— Мир, мир, мир!..
8
Когда невзгодам приходит конец, с наслаждением вспоминаешь о том, как они начинались.
Капитан через голову выбрасывает из окна обгоревшую спичку и делает первую затяжку, вспоминая о начале войны.
Это было недавно и кажется теперь непохожим на правду. А началось, как внезапный пожар знойным полднем, вспыхнувший разом во всех концах города. Бесчисленные экстренные выпуски газет разжигали волнение и энтузиазм на истомленных улицах Вены. Ротационные машины захлебывались под напором событий. Не поспевали за ними. Их далеко обогнали официанты в ресторанах и кафе. За утренним и послеобеденным кофе, за вечерними кружками пива они доверительно сообщали взбудораженным клиентам то, чего не успевали изрыгнуть ротационные машины. У официантов всегда были наготове последние новости. Самые свежие. Самые сенсационные.
Капитану теперь вспомнился один такой послеобеденный час.
Революция в России!
Петроград в огне!
Царь арестован собственным народом!
Капитан усмехается тому, как тогда в кафе разразилось стихийное:
— Урраа!
И тому, как люди в военном торопились допить свой кофе, будто опасаясь, что они опоздают к триумфальному вступлению в Петроград.

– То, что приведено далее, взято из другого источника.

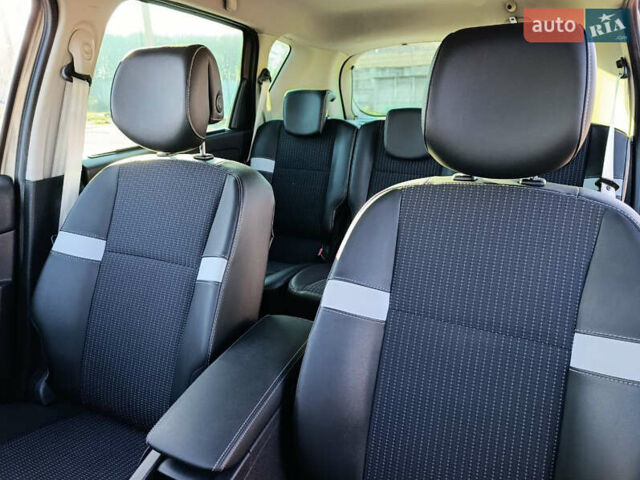 Сірий Рено Сценік, об'ємом двигуна 1.5 л та пробігом 237 тис. км за 8900 $, фото 18 на Automoto.ua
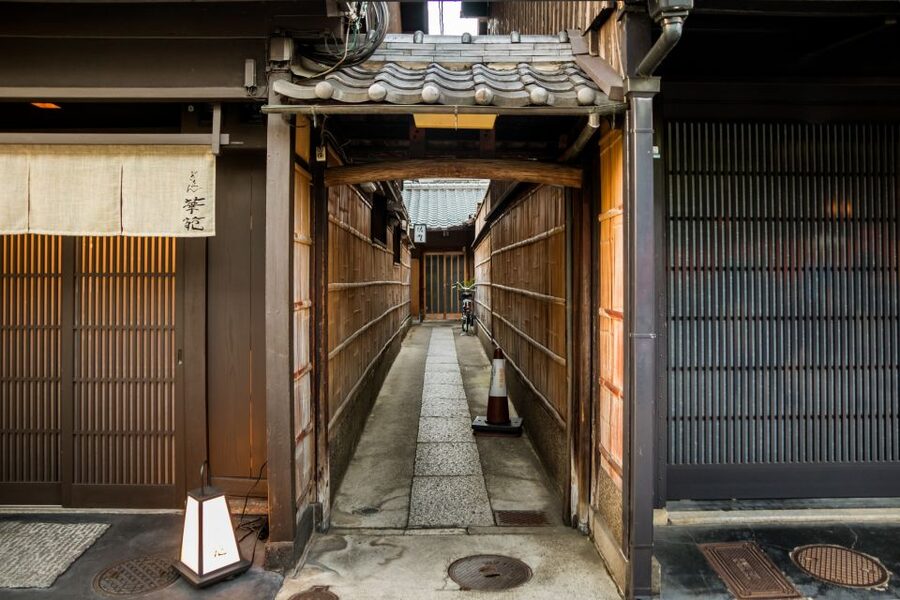Night Walk in Gion: Kyoto's Geisha District - What the $21 price really buys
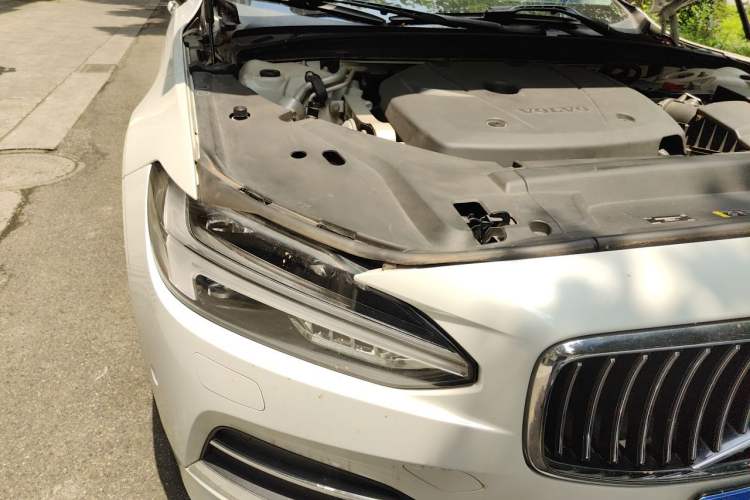 Used Volvo S90 2018 T5 Zhiya Edition Engine Bay Right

Ярки с представления о прошлом, которые не давали уснуть капитану, хотя царство ночи еще длилось, широким, светлым потоком катились, заливая горькую действительность, в беспредельное будущее. Будущее было как море после бури. Оно означало возвращение к счастливому равновесию. Означало встречи в знакомых, таких теперь милых сердцу, родных гарнизонах, где все начнется сначала. «И тогда не много останется кадровых офицеров…»
Неотступное удовлетворение от этих мыслей сглаживало даже горизонты настоящего, причем с такой победоносной силой, что эта беззастенчивая неотвязность ложилась бременем на совесть.
Тщетно.
Навстречу веселым колесам шел день. По пятам ночи улетал обезглавленный дым. Могучая река земли неслась и крутилась, уносила деревья, деревни, станции. Станции подбегали всегда в вихре и грохоте, мелькали в золотом рассвете за проснувшимися окошками.
Ночь похоронила войну. Могучая река земли намывала над нею курган. Могучая река мира и безопасности: земля, небо, воды и ветер без края…
Капитан постепенно различал спящих.
Присутствие этих подчиненных ему людей, вчера еще столь смущавшее, сегодня делало теплыми и надежными стенки вагона. Большинство из них он знал уже по фамилиям.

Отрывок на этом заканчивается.